4

91 20 26
                                    

tujuan pertama saya adalah mencari ibu.

wanita itu adalah orang yang saya butuhkan saat ini, lebih dari harta benda. saya bisa hidup tanpa uang tapi saya tidak bisa hidup tanpa ibu saya.

saya duduk sebentar di taman untuk berpikir, sampai akhirnya tersadar bahwa yang saya lakukan sekarang adalah pelarian. saya tidak bisa bersantai.

saya memutuskan untuk ke rumah. entah itu masih bisa dianggap rumah atau tidak tapi yang jelas, saya akan kesana. ke tempat dimana saya pernah merasakan hangatnya keluarga.

saya sempat memberhentikan taksi tapi menyuruhnya jalan kembali karena saya tidak punya uang untuk membayar jasa nanti. tekad yang bulat untuk pulang membuat saya mantap berjalan kaki, menempuh perjalanan sejauh sepuluh hingga limabelas kilometer menuju rumah saya.

-----

berjalan sejauh itu tanpa pemanasan menyebabkan saya sampai di tempat tujuan dalam keadaan kram di bagian paha ke bawah.

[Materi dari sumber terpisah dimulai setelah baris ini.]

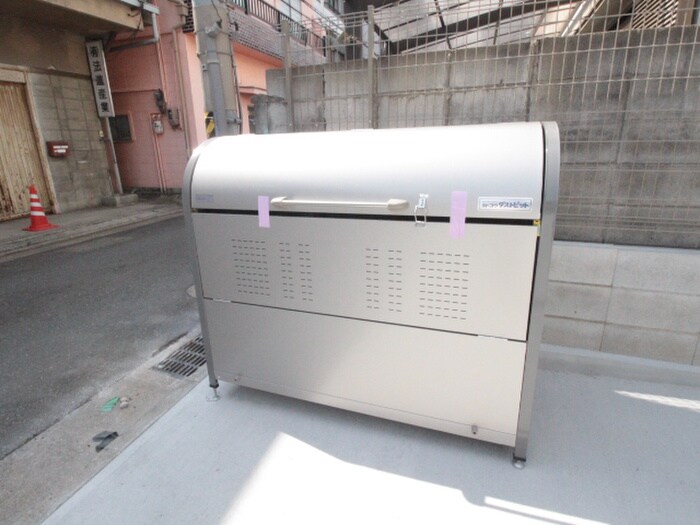 建物設備 F+style大蓮南1号館
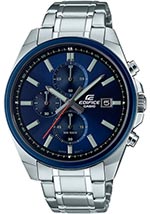 Мужские наручные часы Casio Edifice EFV-610DB-2A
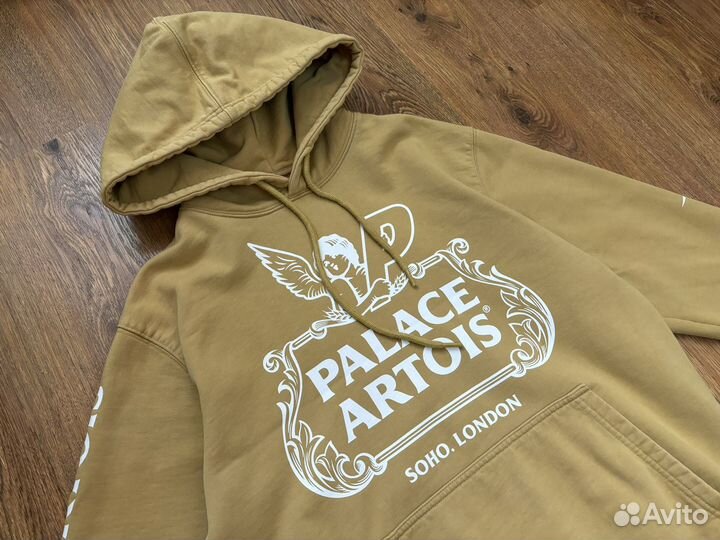 Худи Palace x Stella Artois (оригинал)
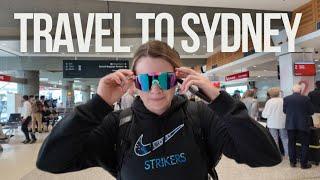 Spring Bash Semi Finals Here We Come! Travel Day To Sydney!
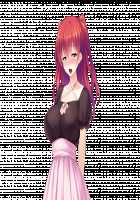 Tsundere Idol Is My Exclusive M Pet / ツンデレアイドルは僕だけのMペット～いっぱい躾けてご主人様のLOVE精子で孕みたいの♪～ [Ayase Hazuki] [Original] Thumbnail Page 148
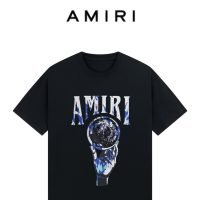 AMIRI（アミリ)2024新作偽物星空プリントloge半袖激安通販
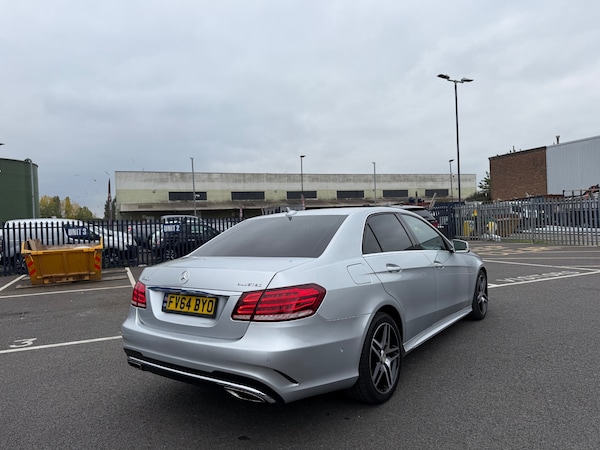 Used Mercedes-Benz E Class 2014 for sale - 76258606: Photo 26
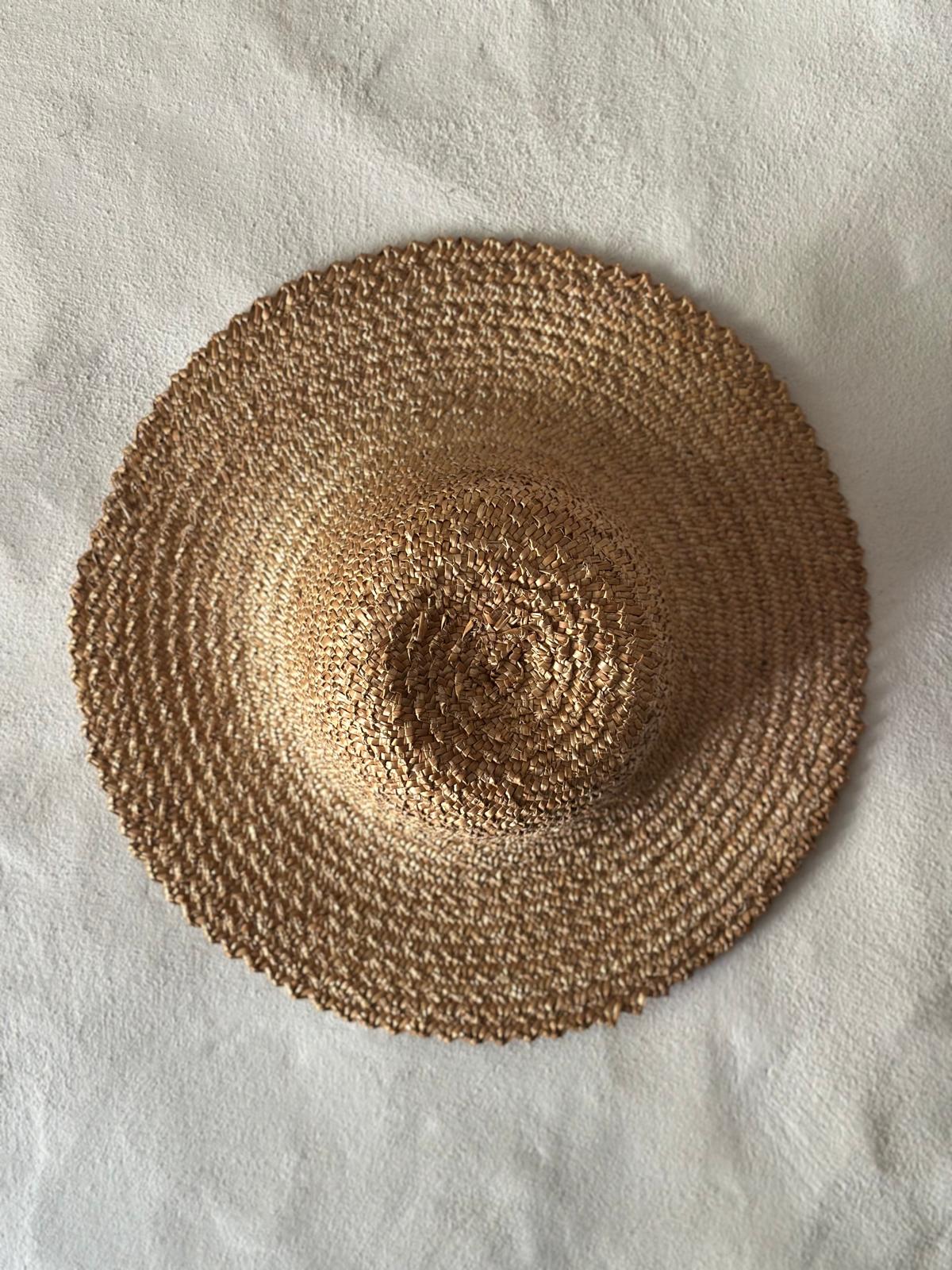 Straw Woven Hat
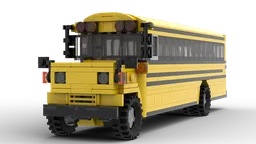 Chevy C60 Bus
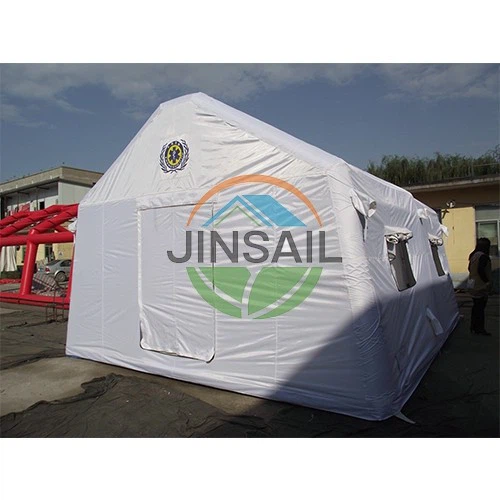 Inflatable Family Tent
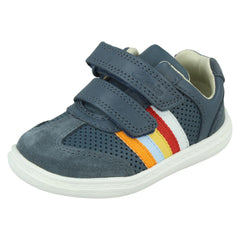 Boys Clarks Casual First Shoes Flash Beau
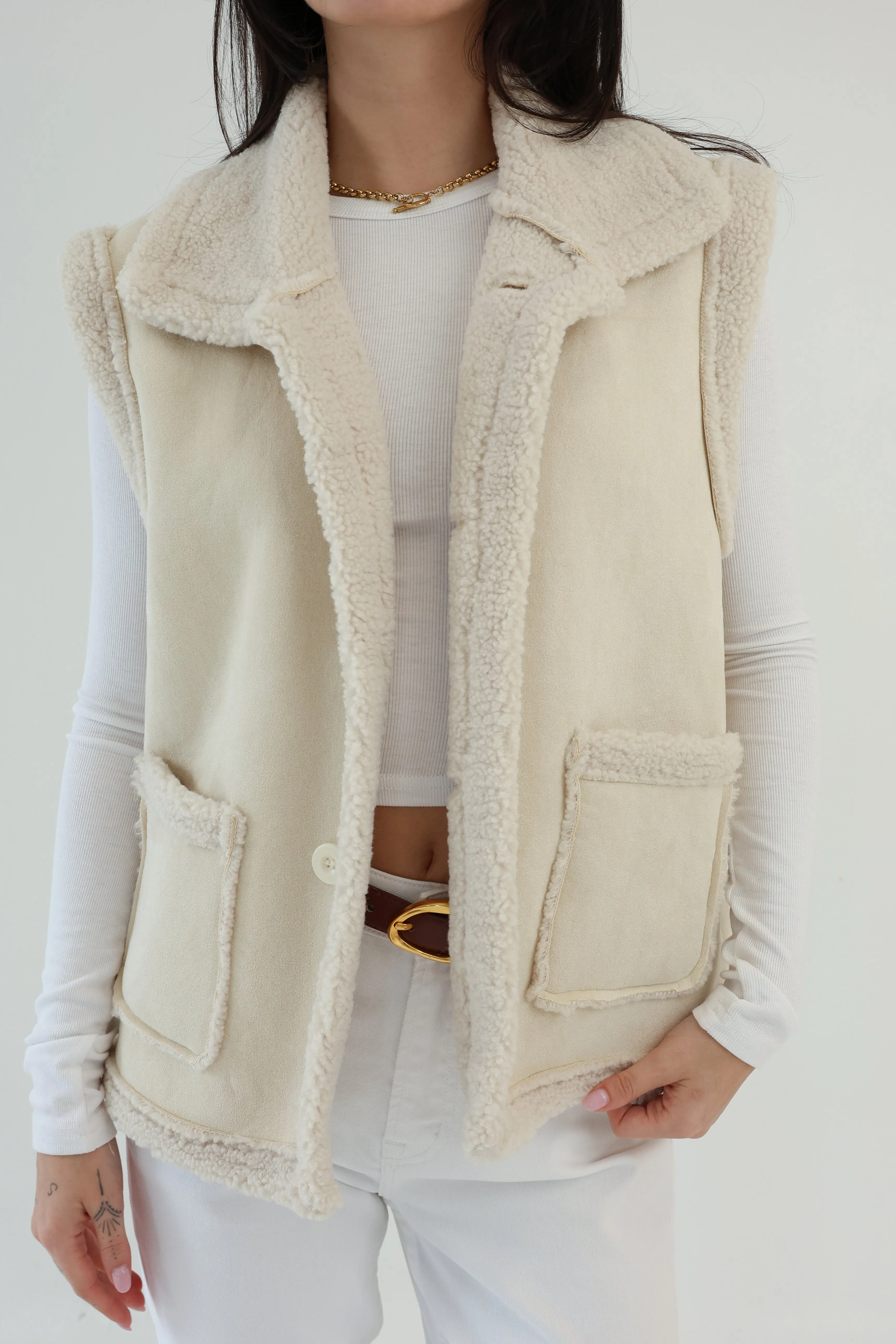 Park City Vest sold by Grey Bandit product image thumbnail 2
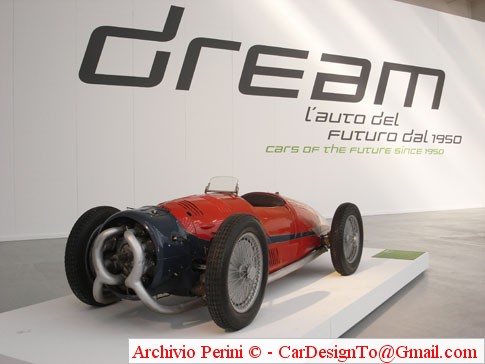 DREAM CARS in TORINO 2008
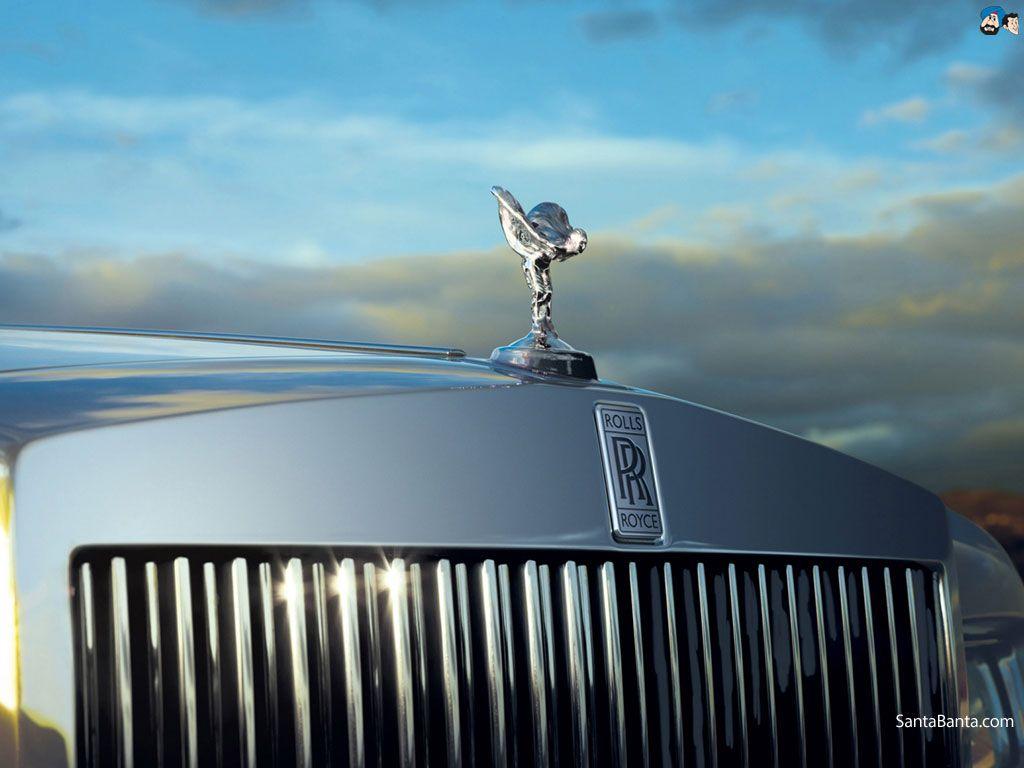 See if you can't beat your own o. Rolls Royce Logo Wallpapers Wallpaper Cave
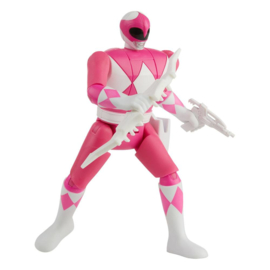 Mighty Morphin Power Rangers Retro Collection AF Pink Ranger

dulu, saya pernah diberi hukuman berlari mengitari lapangan bola sebanyak 3 kali, dan ketika saya sampai di rumah, kaki saya yang kram disembuhkan oleh ayah. sementara ayah memijatnya, ibu pasti datang membawa teh hangat. dan kamu akan menemani saya dengan obrolan-obrolan yang sebenarnya kurang berguna.

tapi, sekarang, apa saya masih bisa merasakannya, sedangkan tempat untuk bertumpu saja tidak ada?

rumah saya dikelilingi garis polisi dan tentunya, polisi-polisi itu sendiri. saya menatap mereka sinis dari depan pagar rumah. betapa bodoh para pahlawan kesiangan ini, saya tidak dibesarkan sampai sejauh ini hanya untuk melakukan tindak kriminal pada orang tua saya sendiri.

saya tidak bisa menerobos garis polisi karena saat ini keadaannya tidak memungkinkan. kalau saya nekat, saya bisa saja dibawa kembali ke markas mereka untuk mendengarkan mereka tertawa kencang-kencang karena berhasil menangkap buron. dan saya tidak seceroboh itu.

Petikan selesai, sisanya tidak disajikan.